1621-2rs should be the crossover part number, which is an off the shelf regular bearing. Really easy to change, you put a wrench on the shaft the bearing is mounted to, remove the outer nut, remove the 4 little bearing retainer plate nuts, lift off the plate , tap out what is left of the damaged bearing, little dab of grease on the shaft and reassemble. Lube up all moving parts, replace friction wheel, then it should be ready to fight another day. Friction wheel is very easy to remove, it is just 5 self tapping bolts you need to remove, and then wiggle it out from the machine, make sure when you reinstall it that it is in the proper position because if you mount it backwards your gears will not be in the correct position when you shift. Be extremely careful not to cross thread them because it is Aluminum and can happen very easily. I put a wrench on the hex shaft to keep it steady while removing and tightening those friction disc bolts. Should be a really easy job, as everything is straightforward just by looking at it, it should be like a half an hour job to do both the bearing and the friction wheel.

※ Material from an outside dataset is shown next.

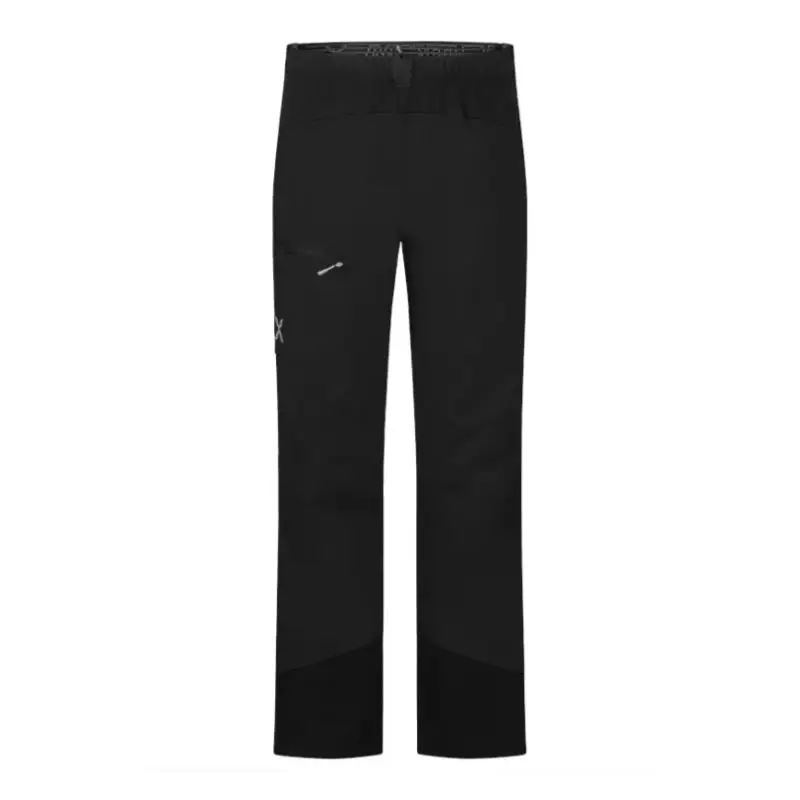 Spodnie Montura Reactive Cover Pants Black Popularny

Keep us posted and we will get you back up and running in no time. Good luck with your project.


----------



## cranman (Jan 23, 2016)

Shaw...is that the same bearing as the ST 8-24? I've got some to replace on mine....Thanks in advance.


----------



## Shaw351 (Nov 15, 2016)

cranman said:


> Shaw...is that the same bearing as the ST 8-24? I've got some to replace on mine....Thanks in advance.

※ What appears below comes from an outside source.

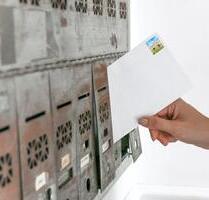 Briefkasten Virtuelles Büro mit Geschäftsadresse in HANNOVER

Cranman it is the same bearing, i cross referenced it to machine 9240XX and it was. I'm 99% sure that particular bearing is the same on all that style cross shaft.


----------



## CrackheadPanda6 (Mar 11, 2017)

After changing bearing and friction wheel the snowblower is god to go again. 

Thanks for the help in this forum


----------



## coopa (Apr 2, 2017)

Say, Is that Norway, the country, or Norway, the little town in the backwoods of Maine, USA?


----------



## 524SWE (Jan 20, 2017)

coopa said:


> Say, Is that Norway, the country, or Norway, the little town in the backwoods of Maine, USA?


I'd say that's the country of Norway. I've read posts on here from Sweden and Poland and a couple of other European countries. This is an international forum!


----------